Study on induced stress of hydraulic fracturing in fractured‐porous elastic media

Abstract

AbstractThe study on induced stress of hydraulic fracturing is an important part of hydraulic fracturing design, temporary plugging and steering fracturing design, and completion design in oil and gas development. Based on fracture continuum method (FCM), cohesive unit method, and finite volume method (FVM), the propagation behavior of multiple hydraulic fractures (HFs) in fractured‐porous media reservoir is simulated from the perspective of fluid and geological stress coupling. The influence of natural fractures (NFs) on stress distribution and stress inversion sensitive factors are studied. NFs in the model are equivalent to physical models controlled by tension and shear bonds. The proposed model can deal with any number of NFs, which greatly improves the computational efficiency of the model. Then PKN analytic solution and Abaqus software results were used to verify the correctness of our model. The results show that the NF will make the reservoir stress show strong heterogeneity after fracturing, and the prominent feature is the regional stress mutation.

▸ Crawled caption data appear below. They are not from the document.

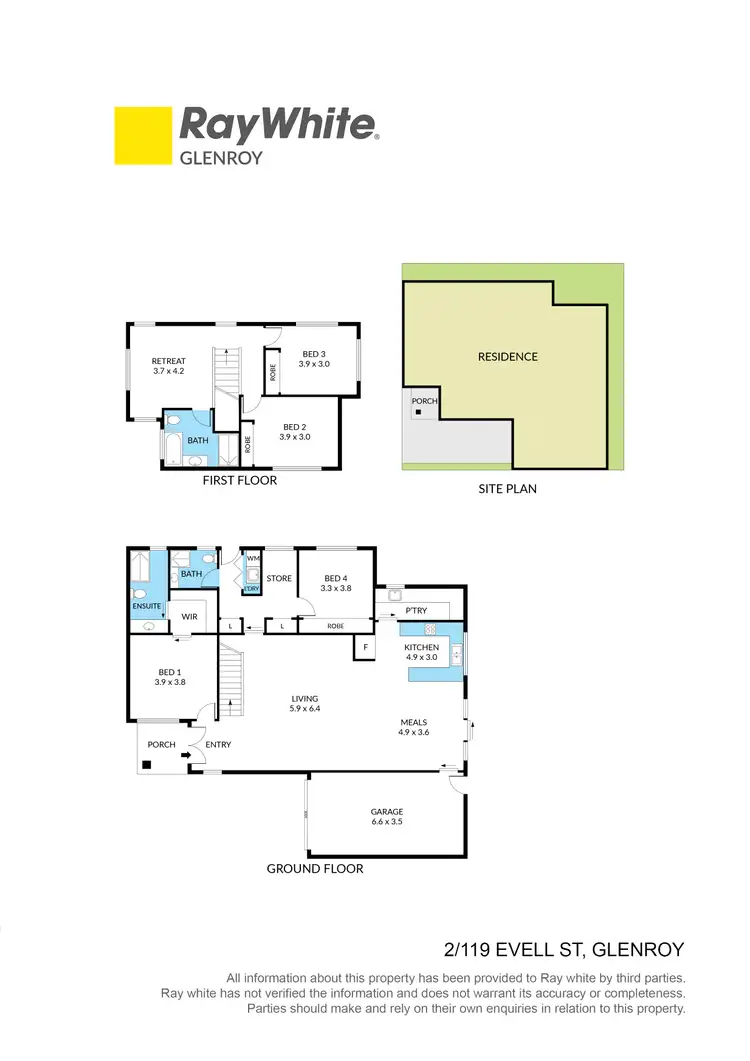Floorplan of Homely townhouse listing, 119a Evell Street, Glenroy VIC 3046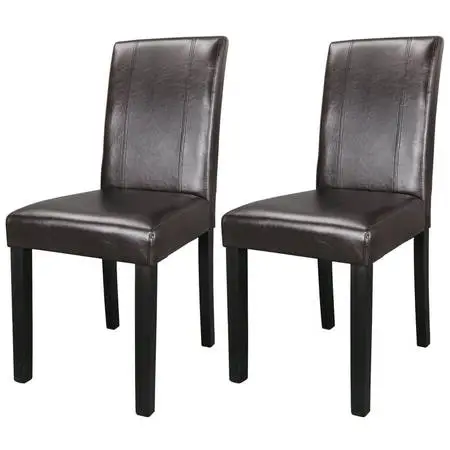 New Set of 2 Brown PU Leather Modern Dining Chairs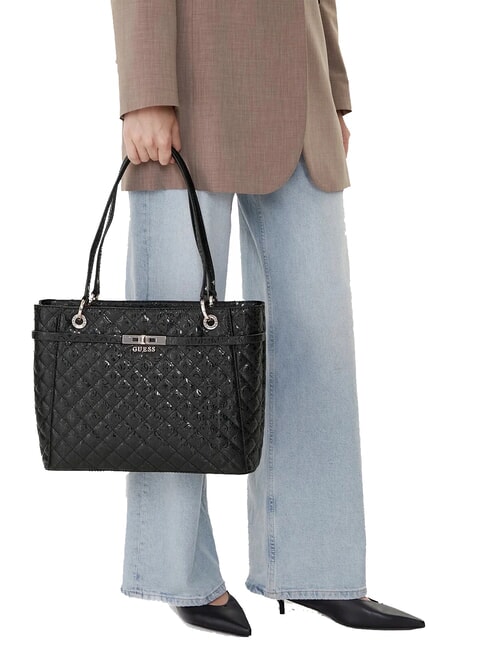 IDRA Borsa shopper trapuntata a spalla NERO - Borse Donna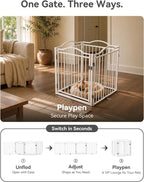 No Pawblems Full Metal Free Standing Dog Gate with Door, 30'' Tall | Foldable Freestanding Pet Gate for Indoor & Outdoor, Up to 104 Inch Extra Wide Dog Fence for Doorways, Stairs, Deck - White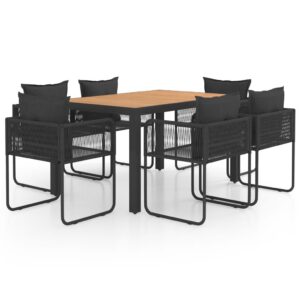 7 részes fekete és barna pvc rattan kerti étkezőgarnitúra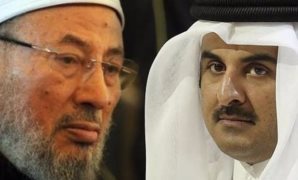 أمير قطر تميم بن حمد والقرضاوى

The sudden change of stress shows the sudden increase or decrease in stress; with the increase in the initial stress difference, the stress inversion becomes more difficult. When the stress difference exceeds 3 MPa, the stress inversion area is almost 0. The stress interference increases with the decrease in cluster spacing. The stress inversion region between HFs decreases, while the external stress inversion region increases; Biot coefficient has great influence on stress and stress inversion. With the decrease in Biot coefficient, stress inversion region will decrease obviously. When the Biot coefficient is 0.4, there is no stress inversion area in the whole reservoir. Poisson's ratio has little influence on stress inversion. When Poisson's ratio changes between 0.1 and 0.3, the change range of stress is within 1 MPa, and the stress inversion area is almost unchanged. Our results can be helpful for understanding the stress distribution after hydraulic fracturing in fractured‐porous media.